>>
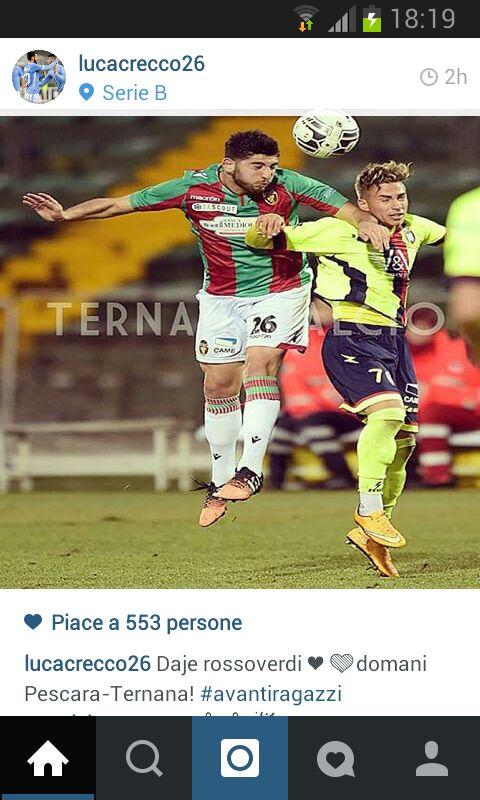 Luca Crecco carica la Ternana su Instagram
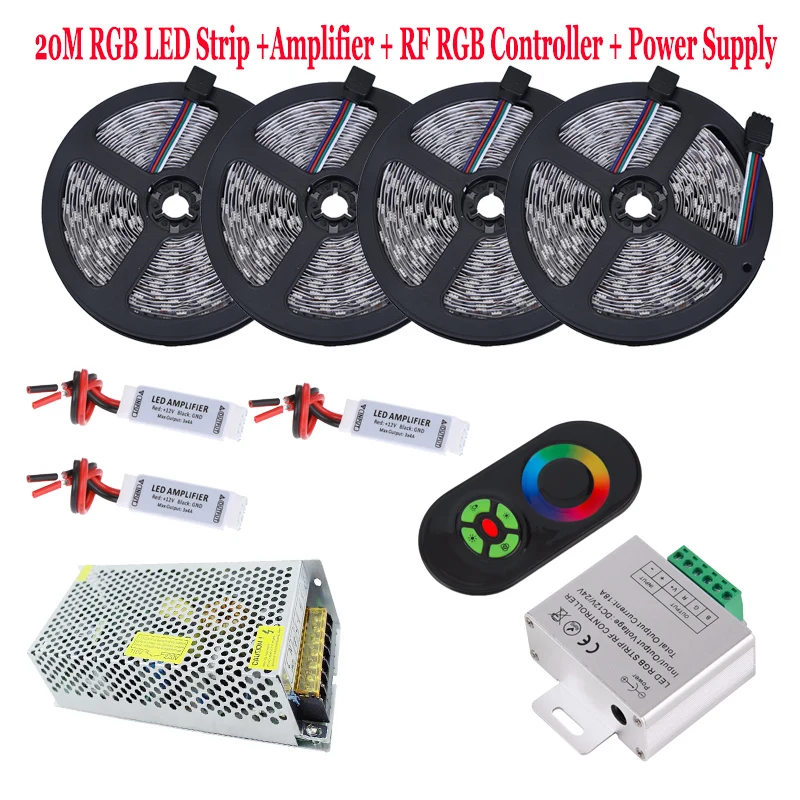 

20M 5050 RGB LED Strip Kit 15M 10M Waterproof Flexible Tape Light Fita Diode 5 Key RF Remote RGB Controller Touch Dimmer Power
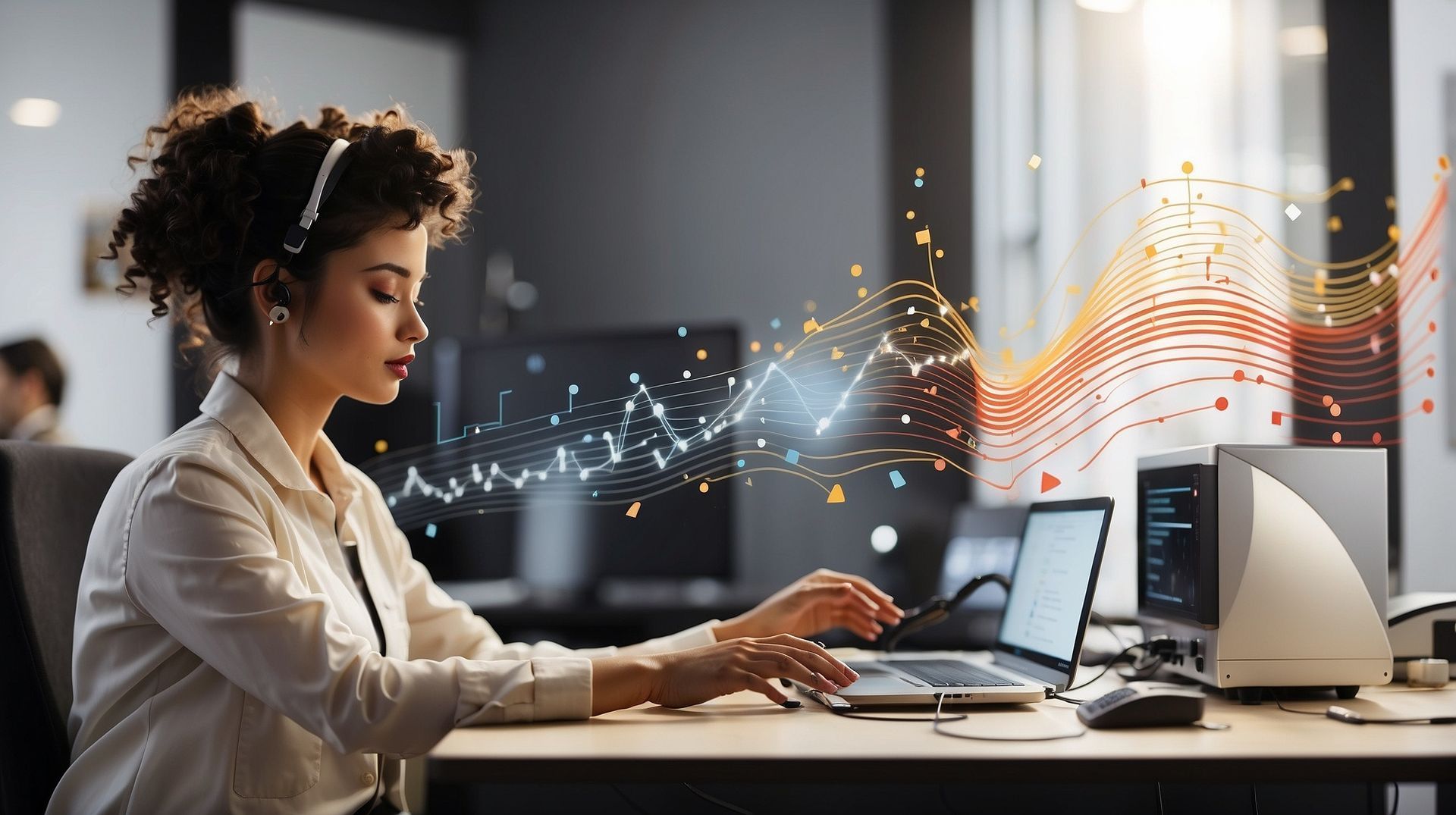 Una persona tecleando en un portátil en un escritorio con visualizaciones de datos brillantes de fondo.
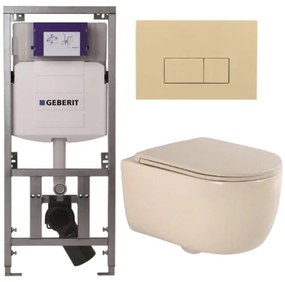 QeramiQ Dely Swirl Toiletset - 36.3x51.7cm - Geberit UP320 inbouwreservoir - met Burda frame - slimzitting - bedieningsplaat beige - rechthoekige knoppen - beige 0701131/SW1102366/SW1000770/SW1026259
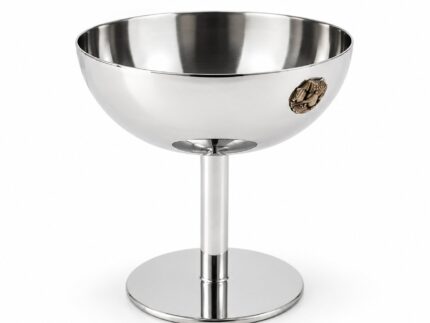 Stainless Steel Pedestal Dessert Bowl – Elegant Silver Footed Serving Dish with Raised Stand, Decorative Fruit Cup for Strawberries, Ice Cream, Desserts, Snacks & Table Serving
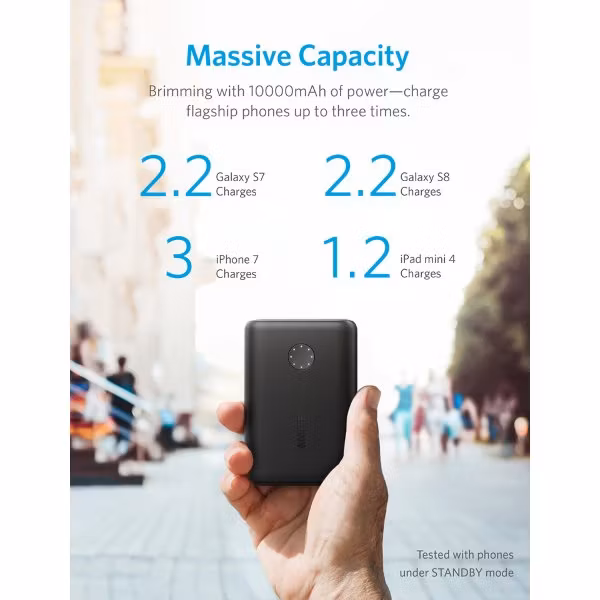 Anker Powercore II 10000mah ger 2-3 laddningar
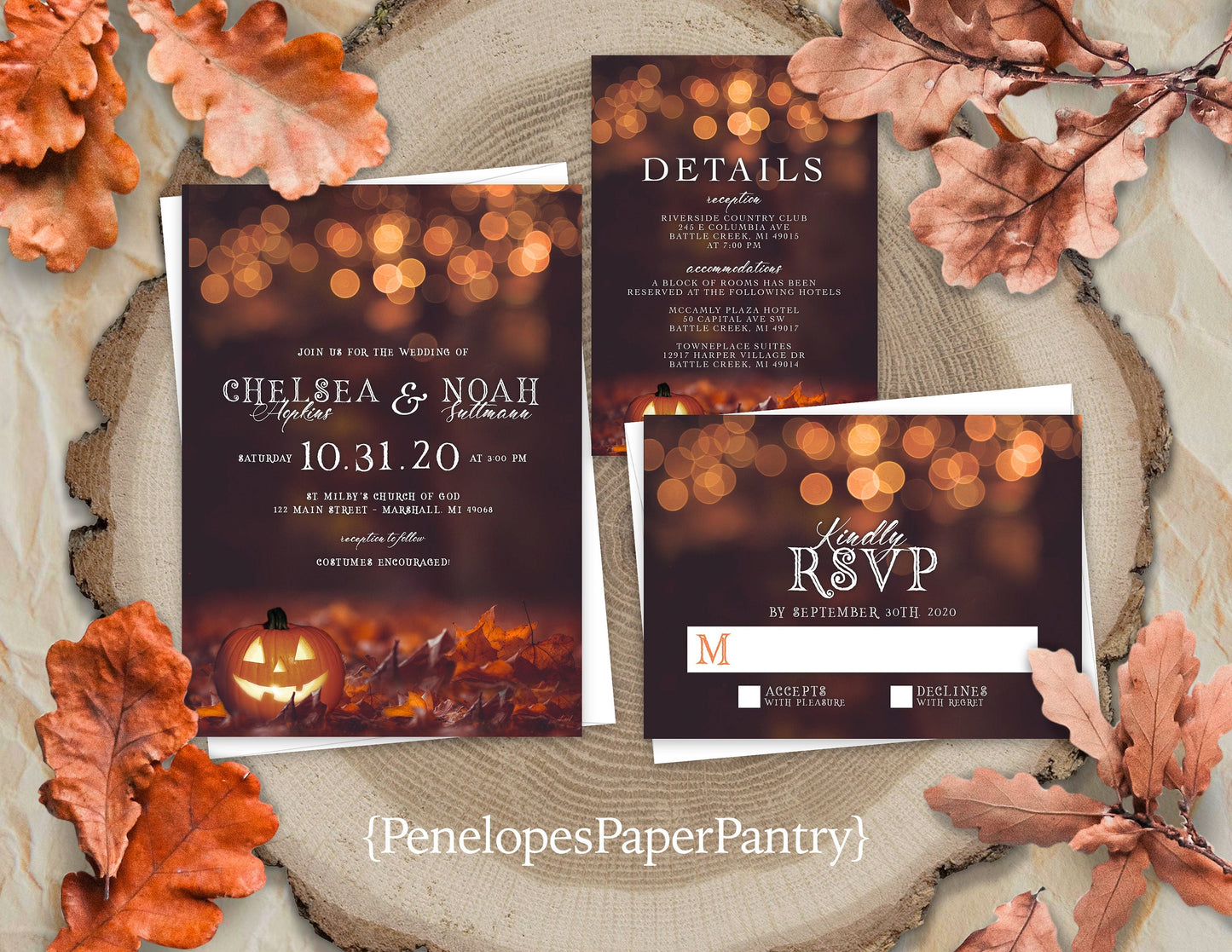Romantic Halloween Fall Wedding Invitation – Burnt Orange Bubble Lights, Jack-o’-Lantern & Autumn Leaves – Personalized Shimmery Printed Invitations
<<
With the images omitted, retype the records above exactly.

▸ **Exercise response**
 Luca Crecco carica la Ternana su Instagram

20M 5050 RGB LED Strip Kit 15M 10M Waterproof Flexible Tape Light Fita Diode 5 Key RF Remote RGB Controller Touch Dimmer Power
 Una persona tecleando en un portátil en un escritorio con visualizaciones de datos brillantes de fondo.
 QeramiQ Dely Swirl Toiletset - 36.3x51.7cm - Geberit UP320 inbouwreservoir - met Burda frame - slimzitting - bedieningsplaat beige - rechthoekige knoppen - beige 0701131/SW1102366/SW1000770/SW1026259
 Stainless Steel Pedestal Dessert Bowl – Elegant Silver Footed Serving Dish with Raised Stand, Decorative Fruit Cup for Strawberries, Ice Cream, Desserts, Snacks & Table Serving
 Anker Powercore II 10000mah ger 2-3 laddningar
Romantic Halloween Fall Wedding Invitation – Burnt Orange Bubble Lights, Jack-o’-Lantern & Autumn Leaves – Personalized Shimmery Printed Invitations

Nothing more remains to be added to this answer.